Data for this task below:
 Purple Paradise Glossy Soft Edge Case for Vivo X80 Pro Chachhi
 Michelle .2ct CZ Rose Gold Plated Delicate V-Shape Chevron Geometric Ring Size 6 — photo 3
End of Data for this task.
Data for this task below:
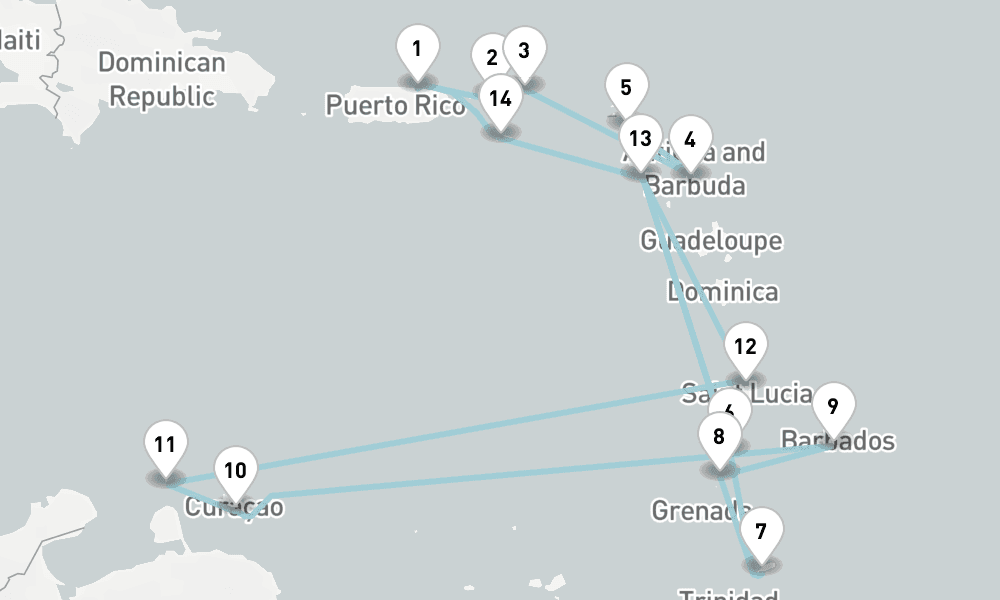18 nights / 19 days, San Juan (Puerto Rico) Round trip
End of Data for this task.
What the exercise asks
Every line above from the line with "Purple Paradise Glossy" to the line with "Michelle .2ct CZ", both included, must be reproduced exactly, and no other line may appear.

Answer for the task
 Purple Paradise Glossy Soft Edge Case for Vivo X80 Pro Chachhi
 Michelle .2ct CZ Rose Gold Plated Delicate V-Shape Chevron Geometric Ring Size 6 — photo 3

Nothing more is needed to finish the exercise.